Saudi Arab

Saudi court sentenced death to five Shia activists from Qatif

Saudi Arabia’s Specialized Criminal Court has sentenced five anti-regime dissidents from the kingdom’s oil-rich and Shia-populated Eastern Province to death, as a crackdown led by Crown Prince Mohammed bin Salman against pro-democracy campaigners, Muslim preachers and intellectuals continues in the country.

The London-based and Arabic-language Nabaa television news network, citing social media activists, reported that the Riyadh-based tribunal passed the verdicts against Mahmoud Issa al-Qallaf, a resident of Ash Shweikah neighborhood in Qatif region, and four others from the town of al-Awamiyah, who were identified as Mohammed Ali al-Aqili, Ahmed Mohammed Abu Abdullah and his brother Amir, and Musa Jaafar al-Samkhan.

The quintet can appeal the court decision.

On September 12, the rights group Prisoners of Conscience, which is an independent non-governmental organization advocating human rights in Saudi Arabia, announced in a post on its official Twitter page that the Specialized Criminal Court had sentenced Shia cleric and human rights activist Sheikh Mohammed al-Habib to 12 years in prison and imposed a travel ban on him.

Sheikh Habib had been recently released after three years of arbitrary detention.

On July 29, the same Saudi court sentenced an anti-regime activist from Eastern Province to death.

Nabaa television news network reported at the time that the Riyadh-based tribunal found Ali Al Rabie guilty in a “sham hearing” that fell short of international fair trial standards.

Saudi authorities had also executed two of Ali’s brothers, Ahmad and Hossein, on April 23 over their political activism.

Saudi Arabia has stepped up politically-motivated arrests, prosecution and conviction of peaceful dissident writers and human rights campaigners.

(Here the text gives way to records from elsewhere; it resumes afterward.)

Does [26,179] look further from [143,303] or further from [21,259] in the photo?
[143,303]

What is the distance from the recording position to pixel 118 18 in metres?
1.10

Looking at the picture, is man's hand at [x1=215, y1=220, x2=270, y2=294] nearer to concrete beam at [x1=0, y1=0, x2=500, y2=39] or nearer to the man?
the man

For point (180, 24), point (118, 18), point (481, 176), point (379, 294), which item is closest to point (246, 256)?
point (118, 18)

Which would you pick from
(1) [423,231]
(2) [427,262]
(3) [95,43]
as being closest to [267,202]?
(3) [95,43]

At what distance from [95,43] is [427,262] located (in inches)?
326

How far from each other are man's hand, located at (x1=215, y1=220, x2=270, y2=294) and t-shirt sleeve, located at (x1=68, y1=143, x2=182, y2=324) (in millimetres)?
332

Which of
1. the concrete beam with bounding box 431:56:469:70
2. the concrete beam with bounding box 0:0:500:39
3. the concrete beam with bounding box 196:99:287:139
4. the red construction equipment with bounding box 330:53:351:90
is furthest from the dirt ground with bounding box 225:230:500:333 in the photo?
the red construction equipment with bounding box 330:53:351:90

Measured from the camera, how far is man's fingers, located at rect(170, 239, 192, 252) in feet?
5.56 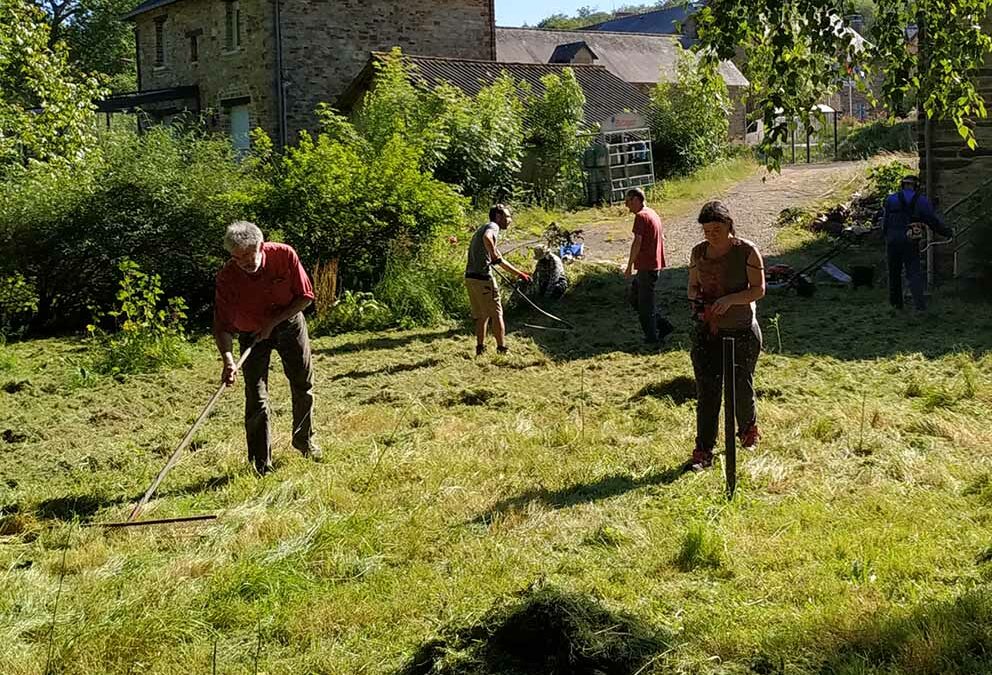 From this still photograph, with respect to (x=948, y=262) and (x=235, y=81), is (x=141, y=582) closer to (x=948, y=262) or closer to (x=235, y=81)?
(x=948, y=262)

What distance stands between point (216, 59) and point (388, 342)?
2075 centimetres

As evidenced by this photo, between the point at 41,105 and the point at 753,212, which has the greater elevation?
the point at 41,105

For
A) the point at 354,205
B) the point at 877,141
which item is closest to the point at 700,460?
the point at 354,205

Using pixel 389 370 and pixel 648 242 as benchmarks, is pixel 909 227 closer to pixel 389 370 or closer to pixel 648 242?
pixel 648 242

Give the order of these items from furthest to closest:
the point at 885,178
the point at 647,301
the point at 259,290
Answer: the point at 885,178, the point at 647,301, the point at 259,290

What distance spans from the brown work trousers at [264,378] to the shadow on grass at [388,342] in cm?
452

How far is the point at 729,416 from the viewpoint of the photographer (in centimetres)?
627

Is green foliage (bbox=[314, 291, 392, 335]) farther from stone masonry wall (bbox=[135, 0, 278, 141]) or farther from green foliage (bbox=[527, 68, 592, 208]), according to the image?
stone masonry wall (bbox=[135, 0, 278, 141])

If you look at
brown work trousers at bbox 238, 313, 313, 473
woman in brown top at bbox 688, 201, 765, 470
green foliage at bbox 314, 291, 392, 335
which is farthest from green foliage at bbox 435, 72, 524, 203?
woman in brown top at bbox 688, 201, 765, 470

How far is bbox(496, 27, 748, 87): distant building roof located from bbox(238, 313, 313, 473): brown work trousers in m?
36.1

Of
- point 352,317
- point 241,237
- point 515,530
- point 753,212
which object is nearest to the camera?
point 515,530

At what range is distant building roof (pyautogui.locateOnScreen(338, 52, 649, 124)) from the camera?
84.9ft

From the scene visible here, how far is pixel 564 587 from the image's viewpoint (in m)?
4.86

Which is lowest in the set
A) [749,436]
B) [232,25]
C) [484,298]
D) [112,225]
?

Saudi officials have also intensified crackdown in the country’s Eastern Province.

Eastern Province has been the scene of peaceful demonstrations since February 2011. Protesters have been demanding reforms, freedom of expression, the release of political prisoners, and an end to economic and religious discrimination against the oil-rich region.

The protests have been met with a heavy-handed crackdown by the regime, with regime forces increasing security measures across the province.

Back in mid-July, informed sources, requesting anonymity, said that a young Saudi man had died more than a week after being injured by regime forces when they raided a district in the province.

Majid Abdullah al-Adam died ten days after regime forces, armed with heavy weapons and artillery launchers, stormed into the al-Jash district of Qatif onboard armored vehicles.

Over the past years, Riyadh has redefined its anti-terrorism laws to target activism.

In January 2016, Saudi authorities executed Shia cleric Sheikh Nimr Baqir al-Nimr, who was an outspoken critic of the Riyadh regime. Nimr had been arrested in Qatif, Eastern Province, in 2012.